The theorem of information theory mentioned here should be used only as a guide. The reason that it cannot be implemented ideally in a CD player or a DAC is NOT that there are engineering or practical limitations of making a perfect low-pass filter. Even if we could make perfect low pass filters that will bandlimit an audio signal to have a max frequency of 22KHz (less than half of the CD sampling freq of 44.1KHz, according to the theorem), we would NOT have the original analog audio signal reproduced.
Why?
I actually have explained the reason in simple terms in post no.4 in the following thread:
http://www.hifivision.com/cd-players/2930-24-bit-192khz pointless.html
Let me try to say this again briefly both in simple terms and a bit technically.
In simple terms, the data contained in a redbook CD (16 bit, 44.1KHz) is a finite amount of data (finite amount of time, finite no. of sampled data points etc). The original signal has infinite no of data points. It is NOT possible to get infinite output from finite no of data, as simple as that.
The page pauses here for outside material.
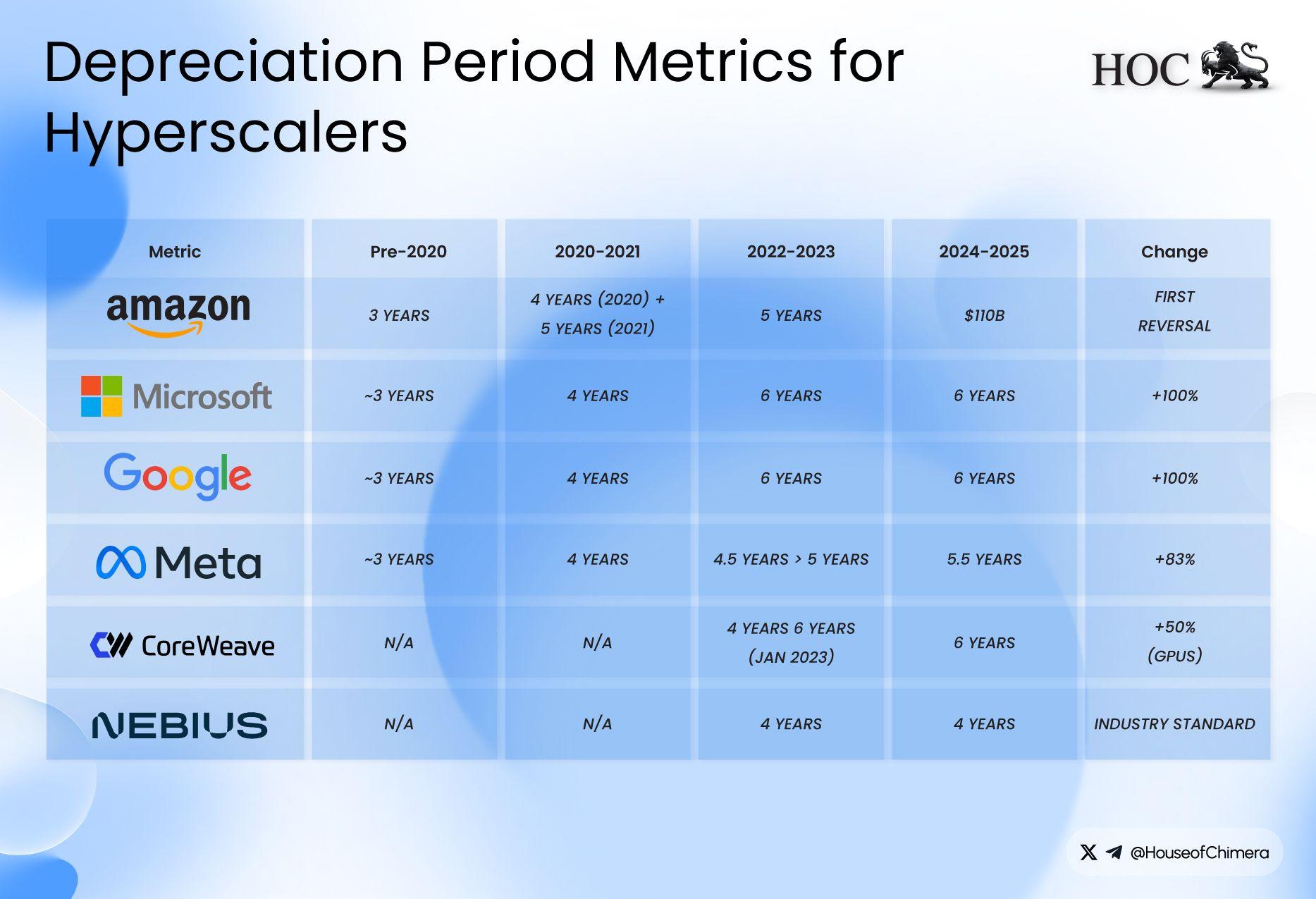 Depreciation Period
So, one needs to put in mocked up data by hand to fill the gap between the sampled points of time. In scientific terms this process is called INTERPOLATION.
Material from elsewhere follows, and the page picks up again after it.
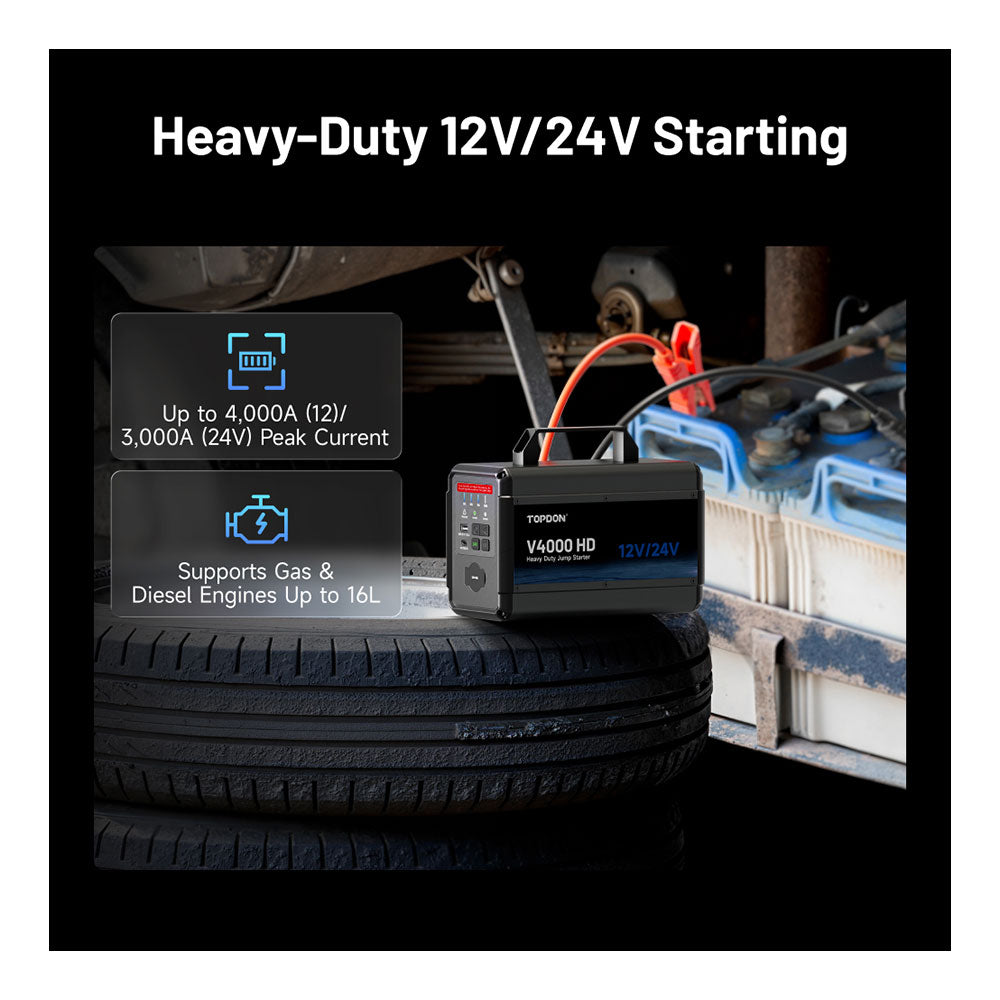 TOPDON V4000 HD 4000 Peak Amp Heavy Duty Jump Starter - 12V/24V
Actually the proof of the theorem effectively assumes
1) a (denumerably) infinite sampling points which obviously cannot ever be realized in the case of discretising and digitizing a continuous (analog) signal which exists for a finite time, and
2) a bandlimited signal (i.e., a signal which has a certain maximum freq), which again mathematically is NOT realizable for a signal which exists for a finite time.
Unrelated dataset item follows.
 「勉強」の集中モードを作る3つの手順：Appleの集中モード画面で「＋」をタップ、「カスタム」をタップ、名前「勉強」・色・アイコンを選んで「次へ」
The first of the above assumptions again has to do with superposition of an infinite number of "sinc" functions (one each for each discrete point of time).
The impossibility of the second assumption shows that even if we could make perfect low pass filters which would block frequencies above a certain number perfectly, it would not help reproduce the original continuous signal.
Two things can come to help here. One is surely lack of the human perception of frequencies above a certain maximum. A well implemented CD player or DAC would actually try to push the differences of the reproduced analog signal with the original analog signal to frequencies well above the human perception limit.
This is where a bit of maths is involved, apart from good engineering. Even for standard CD players with sampling rate of 44.1 kHz, a good scheme for interpolation of the discretized data is required. The theorem does NOT ensure that.
One approach has been to upsample, that is increase the data points by a good mathematical programme by increasing the sampling freq. Most people naively think that this is an artificial way of adding more data that was not there in the first place. True. But even if you do not upsample, you need to put in data (by some interpolation) by hand to make a bunch of discrete data points continuous. THERE IS NO ESCAPE FROM THIS, no matter what you do.
Many people also think that the only job of upsampling is to increase the max freq of the bandlimited input audio signal so that a less than perfect low-pass filter does not introduce serious imperfections. True. But that's not the only way the upsampling can be used. The proof of the theorem clearly shows that an increase in the sampling points helps to have a better interpolation, something also consistent with common sense.
Now, I like to add my practical experience in this. I have a recorder that records into some kind of memory and can record upto 24 bit 96 KHz. It's a Sony professional product. Most of us think that Sony makes only mass market products. Not quite true. They also make professional quality AV equipments which are usually not there in their usual website. For example my recorder Sony PCM DM-50 is shown only in the Sony professional website. It does studio quality recording at much better resolution than redbook CDs.
Now I have used this recorder to record live music at a variety of bits and sampling frequencies, from 16 bit 44.1 KHz upto 24 bit 96 KHz. When I playback the recordings through my analog amplifier (with the DA conversion taking place inside the recorder) the difference is obvious. One does NOT need to be an expert to find out that the 24 bit 96 Khz is by far the best.
At the end, one question: I am actually a bit confused about the proof of the theorem. It seems to say that one can get non-denumerable infinity from a denumerable infinity, something I thought was mathematically NOT possible. Can anybody knowledgeable explain? Probably this is why the bandlimitation of the original signal comes in, so that Fourier modes (i.e.frequencies) above a certain number are not involved.